Dude, we work right down the street from each other. Any time you want to demo the system you're welcome to it. That way you can hear the Scans and get an idea how they perform in my application.


----------



## SSSnake (Mar 8, 2007)

I appreciate the offer and will take you up on it some time soon. I am in the middle of a couple of capture efforts so time is short lately (I get on here while waiting for others or eating lunch). 

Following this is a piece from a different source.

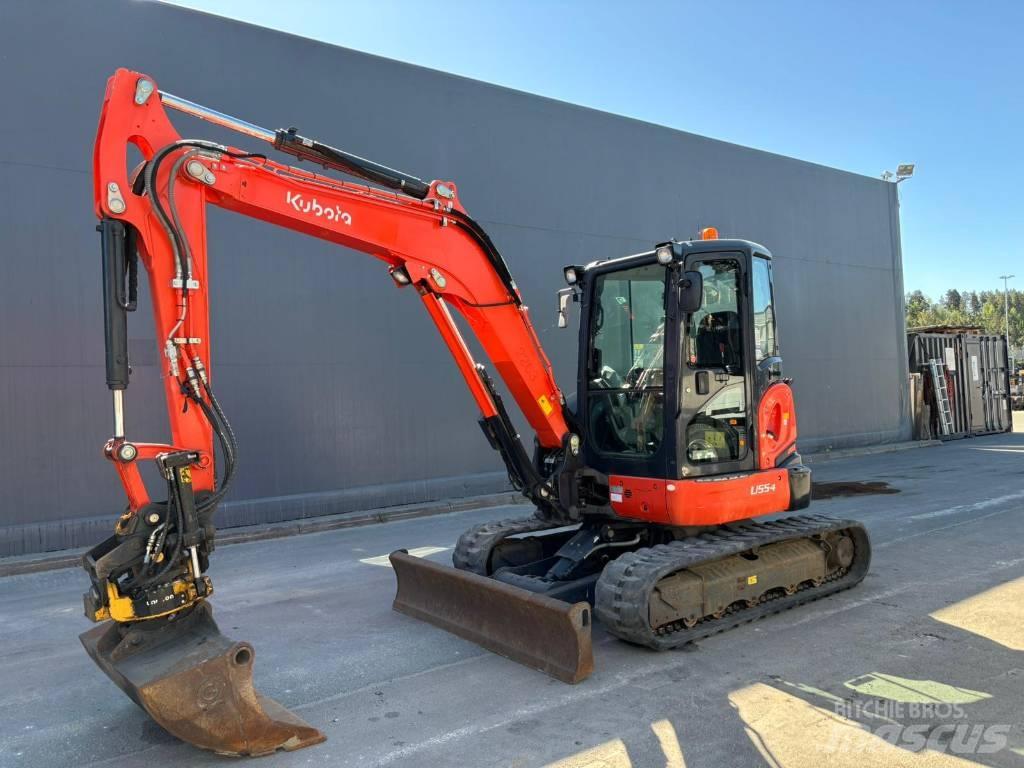  *SOLD* Kubota U 55-4 Minigraafmachines < 7t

I want to hear the coaxials more than the midbasses


----------



## ErinH (Feb 14, 2007)

SSSnake said:


> I want to hear the coaxials more than the midbasses


I dunno... it's a slippery slope... I'm already considering re-building my home theater setup so I can use them from 400hz+. They're _ridiculously _good.


----------



## cvjoint (Mar 10, 2006)

The Classics are really underrated. The motor is a work of art with multiple shorting rings placed in all the right places. The cones and suspensions are stiff and resonances are treated with rigor yielding drivers with really wide bandwidth and high resolution. The moment you hear one free air you fall in love with it, it's just that good. The aluminum version I have a gem, in may ways a bit more high fidelity than the latest revelator/illuminator designs, better behaved and more transparent at low/medium output. The new rev/illuminator trade off a bit of that sweet rosonance/damping behavior to work better in small boxes and higher output in lower octaves. But as long as you don't need that extra 1db out of your 10" midbass the Classic will deliver in spades.


----------



## ErinH (Feb 14, 2007)

cvjoint said:


> The Classics are really underrated. The motor is a work of art with multiple shorting rings placed in all the right places. The cones and suspensions are stiff and resonances are treated with rigor yielding drivers with really wide bandwidth and high resolution. The moment you hear one free air you fall in love with it, it's just that good. The aluminum version I have a gem, in may ways a bit more high fidelity than the latest revelator/illuminator designs, better behaved and more transparent at low/medium output. The new rev/illuminator trade off a bit of that sweet rosonance/damping behavior to work better in small boxes and higher output in lower octaves. But as long as you don't need that extra 1db out of your 10" midbass the Classic will deliver in spades.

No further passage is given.